We use your data only where we have a lawful basis under UK GDPR:

  • Responding to enquiries: to read and reply to messages you send (legitimate interests; in some cases, contract or steps prior to contract).
  • Providing services and operational support: to set up or deliver requested services and document operational actions (contract; legitimate interests; legal obligation where applicable).
  • Analytics and site performance: to understand and improve how our website is used (consent via cookie banner for non-essential cookies; legitimate interests for strictly necessary cookies).
  • Marketing: to send newsletters and updates where you opt in (consent; you can withdraw at any time).
  • Compliance, security and fraud prevention: to keep systems secure, investigate misuse and meet our legal obligations (legal obligation; legitimate interests).
Cookies

We use a cookie banner to obtain consent for non-essential cookies. Details of the cookies we use and how to manage them are set out in our Cookie Policy (UK) at https://response24connect.com/cookie-policy-uk/.
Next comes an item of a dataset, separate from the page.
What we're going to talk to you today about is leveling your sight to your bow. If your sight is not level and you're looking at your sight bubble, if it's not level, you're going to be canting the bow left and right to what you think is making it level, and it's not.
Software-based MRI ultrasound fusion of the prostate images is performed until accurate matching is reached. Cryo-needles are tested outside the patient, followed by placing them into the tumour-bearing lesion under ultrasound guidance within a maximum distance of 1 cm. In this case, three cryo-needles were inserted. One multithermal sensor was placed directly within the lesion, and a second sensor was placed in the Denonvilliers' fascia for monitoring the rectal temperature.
Who we share data with (processors)

We use carefully selected service providers who act on our instructions:

  • Hosting: AWS Lightsail (EU-West-2/London) – website hosting and logs.
  • Analytics: Google Analytics – website usage analytics (via consented cookies).
  • CRM & marketing: HubSpot and Mailchimp – enquiry handling, newsletters and preference management.
  • Email: Microsoft 365 – email services and document storage.
  • Telephony: Aircall – inbound/outbound calls and call recordings.
  • Support & operations: HubSpot Service tools and our operations partners at Response24 Ltd for service-related support.
  • Data storage: Microsoft 365 (SharePoint/OneDrive) – storing operations logs and related documents.
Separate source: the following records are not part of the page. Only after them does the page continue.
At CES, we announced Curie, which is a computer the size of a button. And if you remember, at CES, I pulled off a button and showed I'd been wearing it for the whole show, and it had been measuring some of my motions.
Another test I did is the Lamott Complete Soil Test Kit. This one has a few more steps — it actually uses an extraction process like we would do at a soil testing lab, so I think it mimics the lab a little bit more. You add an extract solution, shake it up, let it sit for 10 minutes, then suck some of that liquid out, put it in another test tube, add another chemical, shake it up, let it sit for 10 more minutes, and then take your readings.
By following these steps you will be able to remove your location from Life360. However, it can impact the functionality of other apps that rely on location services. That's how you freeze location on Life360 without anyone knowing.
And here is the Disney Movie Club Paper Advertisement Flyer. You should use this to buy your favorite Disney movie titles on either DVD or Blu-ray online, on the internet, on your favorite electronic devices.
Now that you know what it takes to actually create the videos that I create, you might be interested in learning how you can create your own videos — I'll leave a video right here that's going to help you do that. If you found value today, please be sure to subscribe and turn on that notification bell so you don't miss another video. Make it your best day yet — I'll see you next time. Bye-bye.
We require all processors to protect personal data appropriately and not to use it for their own purposes.

International transfers

Your statement: no transfers outside the UK.
Optional note (retain if any vendor stores/backs up data outside the UK): Some widely used SaaS tools may involve limited processing outside the UK. Where that occurs, we implement appropriate safeguards (such as the UK International Data Transfer Agreement or the UK Addendum to the EU Standard Contractual Clauses) and assess the destination’s legal environment to ensure equivalent protection.

Retention
  • General enquiries and basic contact data: kept for one year from last meaningful contact.
  • Operational/response case records: kept longer where needed to establish, exercise or defend legal or insurance claims.
  • Call recordings: retained in line with the above categories or a shorter operational schedule where feasible.
  • Marketing records: retained while you remain opted in and for a short period afterwards to maintain suppression lists.
  • System and security logs/backups: retained for limited periods necessary for security, continuity and auditing.
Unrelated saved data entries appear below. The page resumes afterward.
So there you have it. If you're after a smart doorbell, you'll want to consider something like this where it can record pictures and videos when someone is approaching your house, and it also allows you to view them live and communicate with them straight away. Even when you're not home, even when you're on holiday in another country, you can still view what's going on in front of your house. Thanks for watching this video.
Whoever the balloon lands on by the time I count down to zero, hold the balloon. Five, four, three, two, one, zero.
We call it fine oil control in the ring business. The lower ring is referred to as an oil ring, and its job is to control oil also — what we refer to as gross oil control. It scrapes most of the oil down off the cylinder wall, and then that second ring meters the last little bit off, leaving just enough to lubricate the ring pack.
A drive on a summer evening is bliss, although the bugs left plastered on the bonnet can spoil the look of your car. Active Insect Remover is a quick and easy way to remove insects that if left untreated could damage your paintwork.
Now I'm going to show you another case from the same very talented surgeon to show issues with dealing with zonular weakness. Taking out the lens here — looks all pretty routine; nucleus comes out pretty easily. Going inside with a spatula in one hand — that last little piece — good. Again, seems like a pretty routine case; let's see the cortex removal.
We regularly review data and securely delete or anonymise when no longer needed.

Security

We use technical and organisational measures appropriate to the risk, including encryption in transit and at rest, access controls and role-based access, logging and monitoring, and staff awareness measures.

Your rights

You have rights under UK data protection law, including to request access, correction, deletion, restriction or portability of your personal data, and to object to processing where we rely on legitimate interests or to withdraw consent where we rely on consent.
To exercise your rights, contact dpo@response24connect.com. We may need to verify your identity. We aim to respond within one month as required by law.

You can opt out of marketing at any time using the unsubscribe link in our emails or by contacting us.

We do not use automated decision-making that produces legal or similarly significant effects.

Children

Our website is not intended for children under 16 and we do not knowingly collect their data.

Complaints

If you have concerns, please contact us first at dpo@response24connect.com. You also have the right to complain to the UK Information Commissioner’s Office (ICO) at ico.org.uk.

Changes to this policy

We may update this policy from time to time. Any material changes will be posted on this page with an updated date.